Une modification encore plus nette a été faite par une loi du 3 août 2018 spécifiquement pour le crime de viol sur mineur. La prescription s’élève à trente ans (au lieu de vingt sous la loi de 2004), et comme c’est le cas depuis 1989 ce délai ne commence à courir qu’à compter de la majorité de la victime (et pas à compter de la date du crime). Donc, si un mineur subit un viol (quel que soit son âge), ce dernier peut agir jusqu’à ses quarante huit ans. 

A ce sujet, la journaliste Anne Chemin explique que : “cette refonte du calendrier de l’oubli a permis au législateur de définir une nouvelle échelle de gravité du crime : en allongeant la prescription de la délinquance sexuelle, il a placé ces infractions au sommet de la hiérarchie du mal”.

Il apparaît bien souvent difficile pour les enfants victimes de dénoncer de tels actes commis le plus souvent au sein de la famille, cercle le plus intime, le silence et l’omerta étant bien souvent de mise pendant de longues années. La possibilité d’agir en justice, certes étendue d’année en année, n’est pas infinie. 

Un allongement du délai de prescription ne s’appliquant pas à tous les viols commis avant 2018

L’allongement du délai de prescription par la loi de 2018 ne s’applique cependant qu’aux viols commis sur une victime mineure après le 6 août 2018 (date d’entrée en vigueur de la loi) et à ceux qui n’étaient pas encore prescrits avant cette date. Cela signifie que cette loi s’applique à deux hypothèses : 1/ les viols commis après le 6 août 2018 ; 2/ les viols commis avant cette date, mais dont le délai de prescription de vingt ans (loi de 2004) n’est pas encore écoulé.

En résumé, même si le législateur a voulu protéger les mineurs en leur offrant des délais de prescription spéciaux, plus longs, toutes les victimes ne peuvent pas en bénéficier. Si leur affaire est trop ancienne ou le délai de prescription de vingt définitivement dépassé, le nouveau  délai de prescription allongé ne s’applique pas.

L’exemple de la prescription des faits qu’Alain Duhamel aurait commis selon les accusations de Camille Kouchner 

Pour comprendre ce système de prescription complexe et changeant, prenons un exemple.

Camille Kouchner accuse le politologue Olivier Duhamel d’avoir agressé sexuellement son frère jumeau alors qu’il était âgé d’environ treize ans, à la fin des années 1980. Le 5 janvier 2021, le parquet de Paris a donc ouvert une enquête des chefs de viols et agressions sexuelles par personne ayant autorité sur mineur de quinze ans, suite aux accusations faites par Camille Kouchner.

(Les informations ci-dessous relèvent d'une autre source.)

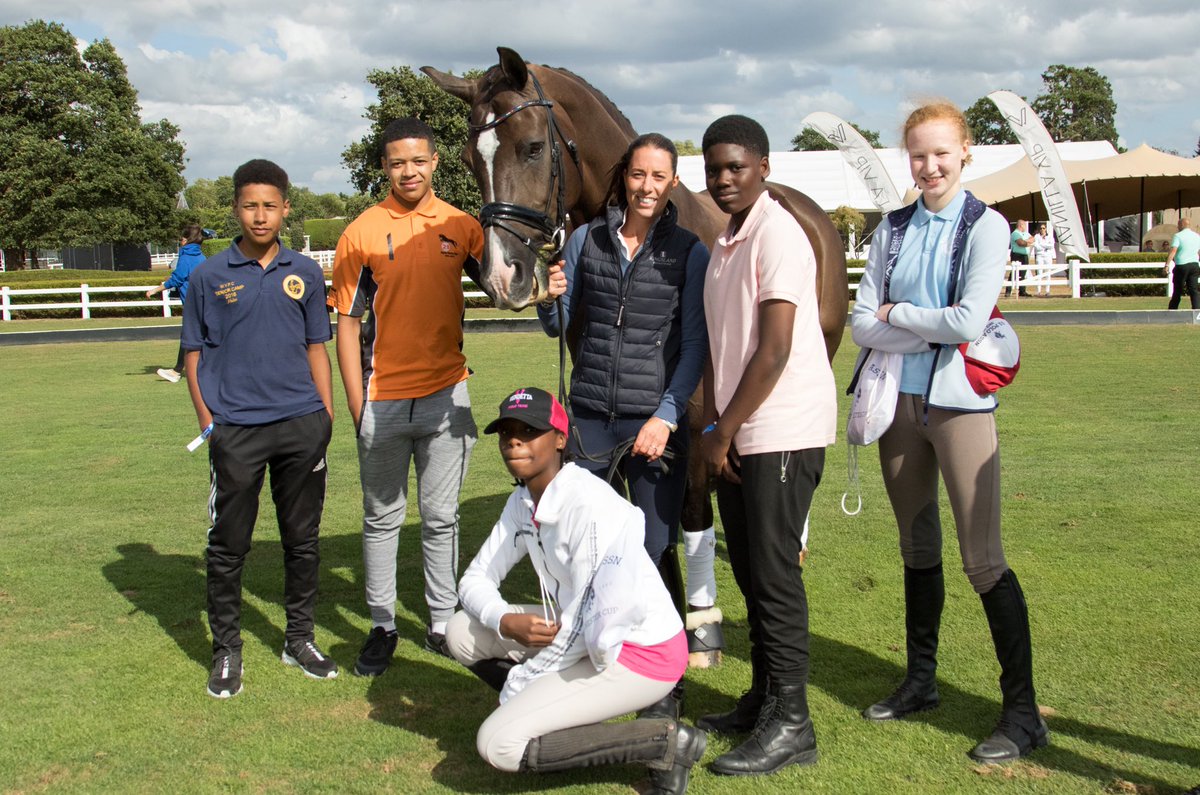 Inspiring visit to @rcbpoloclub for coaching & bonus meet with @CSJDujardin and Valegro! Charlotte is also patron of @TheBrooke who another Ebony group is riding #hackathon for in Wales.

Autre élément d’après le procureur de Paris, Rémi Heitz : “une précédente procédure portant sur les faits ainsi dévoilés, qui n’avait pas donné lieu à dépôt de plainte de la victime, ni à audition du mis en cause, a été classée sans suite en 2011 par le parquet de Paris”.

Ainsi, supposons que les faits ont été commis en 1988. A cette époque, le viol commis sur un mineur était prescrit par dix ans à compter du jour de la commission des faits. Donc, les faits ont été prescrits en 1998, et aucun texte ne permet le déclenchement de poursuites judiciaires.

Si l’on admet maintenant que les faits que dénoncent Camille Kouchner aient été commis après le 14 juillet 1989, (première loi allongeant la prescription), alors la prescription s’étend jusqu’à dix ans à compter de la majorité de son frère jumeau. “Victor” Kouchner (prénom d’emprunt) ayant atteint la majorité en 1993, soit il y a plus de vingt ans (loi de 2004), les faits se sont prescrits en 2003. Plus moyen non plus d’y revenir, la loi de 2018 ne s’appliquant pas.